A controller 36 controls the printing member 26, the microwave dryer 28, and the paper transport mechanism 20 as would be understood by one skilled in the art. In addition, an adaptive dryer control for ink jet processors can also be used. U.S. Pat. No. 5,214,442, entitled "Adaptive Dryer For Ink Jet Processors", assigned to Xerox Corporation, discloses such an adaptive dryer control and is hereby incorporated in this application by reference.
Microwave dryer 28 has such a fast drying rate that the excess liquid in the ink on the substrate is evaporated from the surface of the printed sheet before any appreciable absorption occurs. Additionally, microwave power generated in the dryer 28 produces an electric field sufficiently large to effectively dry a thin layer of ink on the paper substrate.
To control image quality defects in the ink jet printer 10, ink is deposited on the substrate from printhead 26, and the printed substrate is passed to dryer 28 for rapid drying. Preferably, the substrate travels through dryer 28 at a speed ranging from about 2 inches to 20 inches per second, or from about 10 prints to 200 prints per minute. In the printer 10 described above, input slot 30 is located approximately three inches from printhead 26. With the paper speed of 2 to 20 inches per second, the total time from depositing the ink on the substrate to enter the dryer is approximately 1.5 seconds to 0.15 seconds. Thus, using a serpentine dryer, for example, with a total drying zone of 6.75 inches, the substrate exits the dryer in 5 to 0.5 seconds.
FIG. 2 illustrates one embodiment of the microwave dryer 28. The microwave dryer 28 comprises a traveling wave resonator which enhances the field intensity to which the paper is exposed. By using a traveling wave resonator, the electric field intensity sufficient to dry ink effectively is possible with a relatively low power (less than 1.5 KW) magnetron.
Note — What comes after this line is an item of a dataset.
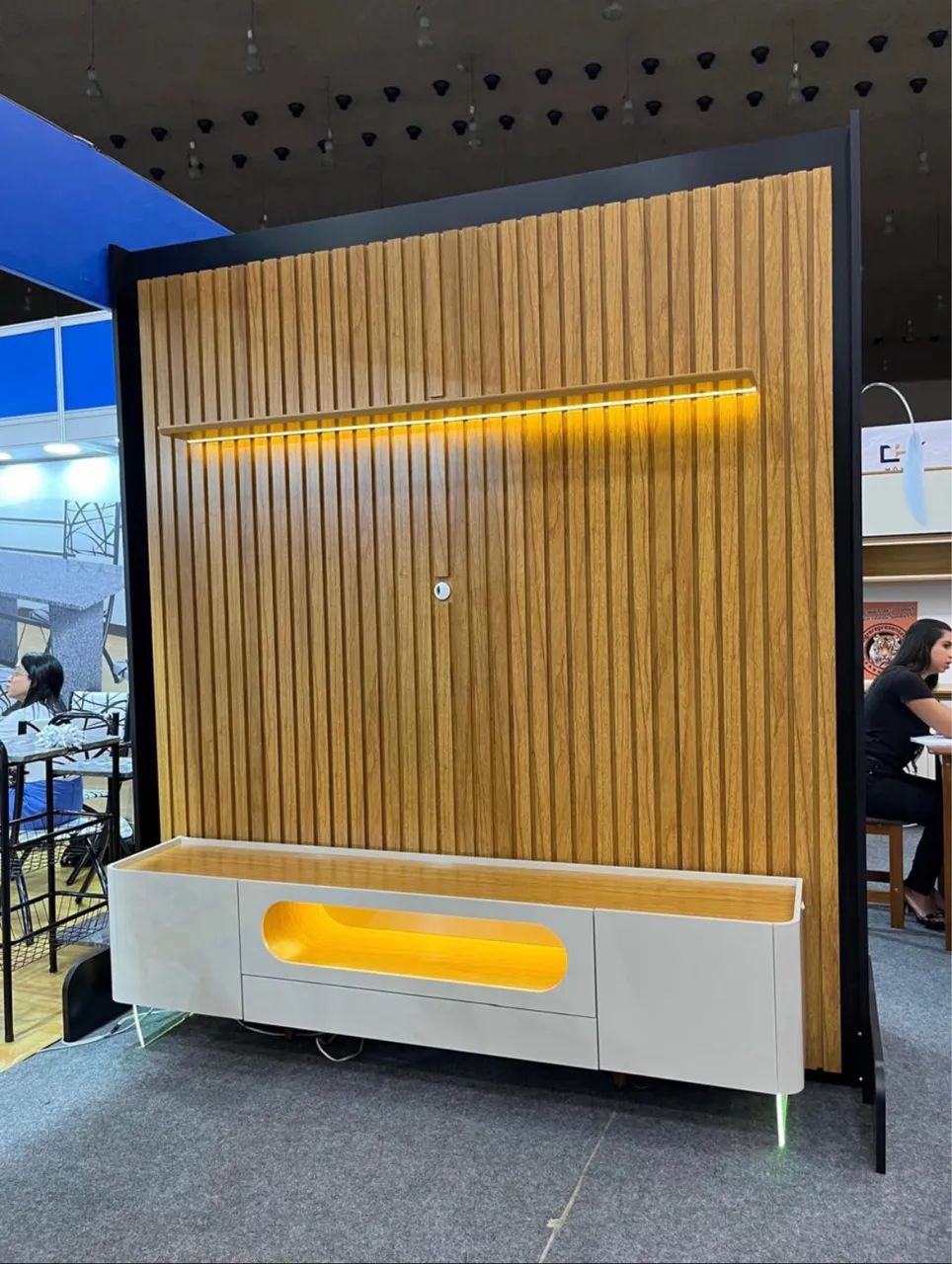 Rack com Painel Nobre - Luxo, Iluminação LED e Design Premium - Foto 3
In addition, because traveling waves are used, uniformity of heating is much better than if standing waves are used and the applicator is not greatly affected by differences in the load or the paper and the amount of ink coverage.
The paper transport mechanism 20 moves paper through the microwave dryer 28 by a belt or plurality of belts carried by the rollers 24. The microwave dryer 28 includes a microwave generator 40 for generating microwaves. The microwave generator 40 includes a 2455 MHz fixed frequency magnetron and a magnetron power supply as is understood by one skilled in the art. Such magnetrons are commonly used in household microwave oven applications and are available from several Japanese manufacturers at low cost. A magnetron generator with a power in the range of approximately 500-1500 watts is preferably used to generate the microwaves.
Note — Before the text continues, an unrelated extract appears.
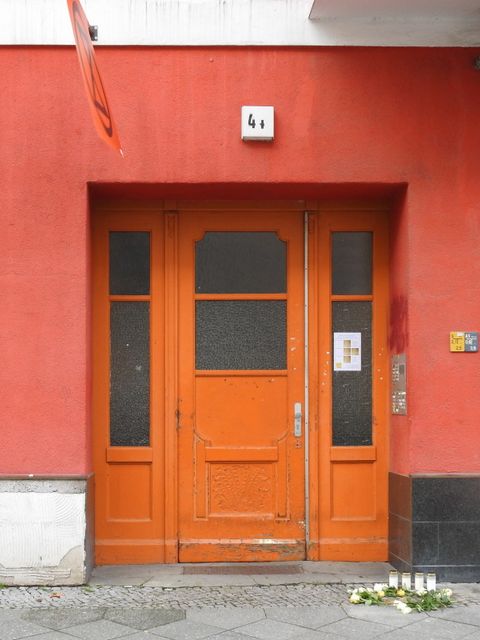 Hauseingang Tauroggener Str. 44 (Bild: Stolpersteine-Initiative CW, Hupka)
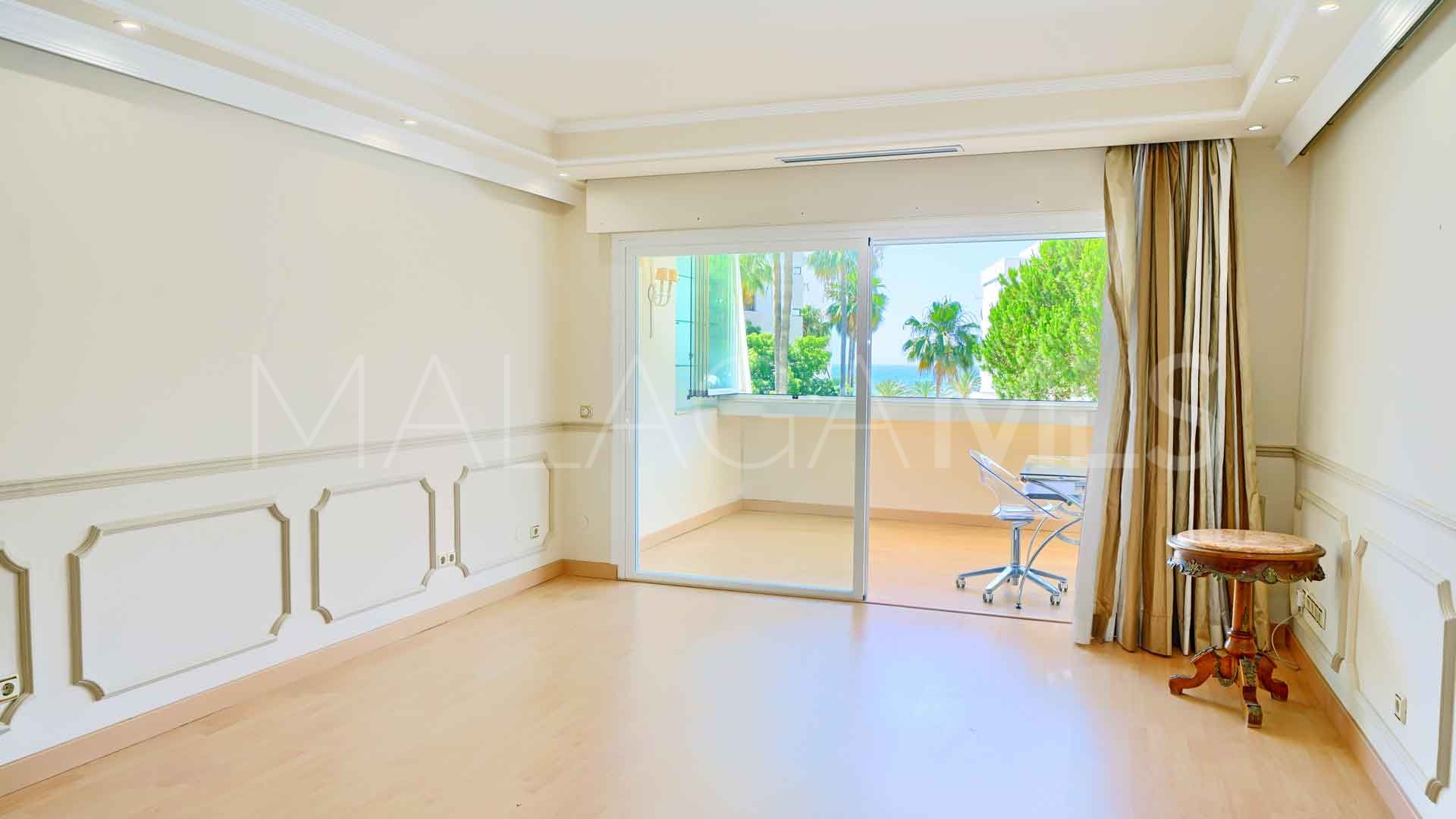 Wohnung for sale in Atrium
As seen in FIG. 2, the microwave generator 40 is connected to a waveguide launcher 42. The waveguide launcher 42 is a mount for the magnetron that allows the magnetron to radiate efficiently into a waveguide. The waveguide launcher 42 includes a transition section 43. The transition section 43 connects the output of the launcher 42 to a circulator 44 having a first port 46, a second port 48 and a third port or main waveguide feed 50. The second port 48 is coupled to a matched load 52.
The circulator 44 is used to ensure stable operation of the magnetron under the operating conditions. The circulator is a non-reciprocal ferrite device that allows power to flow from the microwave generator 40 to a microwave applicator. The matched load 52 absorbs reflected power to protect the magnetron 40 from damage. The matched load 52 includes a tuning screw to permit fine tuning of the circuit to have a termination Voltage Standing Wave Ratio (VSWR) of less than 1.02.
A branch guide directional coupler 60 is connected to the main waveguide feed 50 as shown in FIG. 3. The directional coupler 60 comprises a main waveguide 62 and an auxiliary waveguide 64 more clearly seen in FIG. 4. The main and auxiliary waveguides are connected together by a first, a second and a third branch waveguide 66, 68, and 70 respectively. Each of the branch guides is nominally a quarter of a guide wavelength long.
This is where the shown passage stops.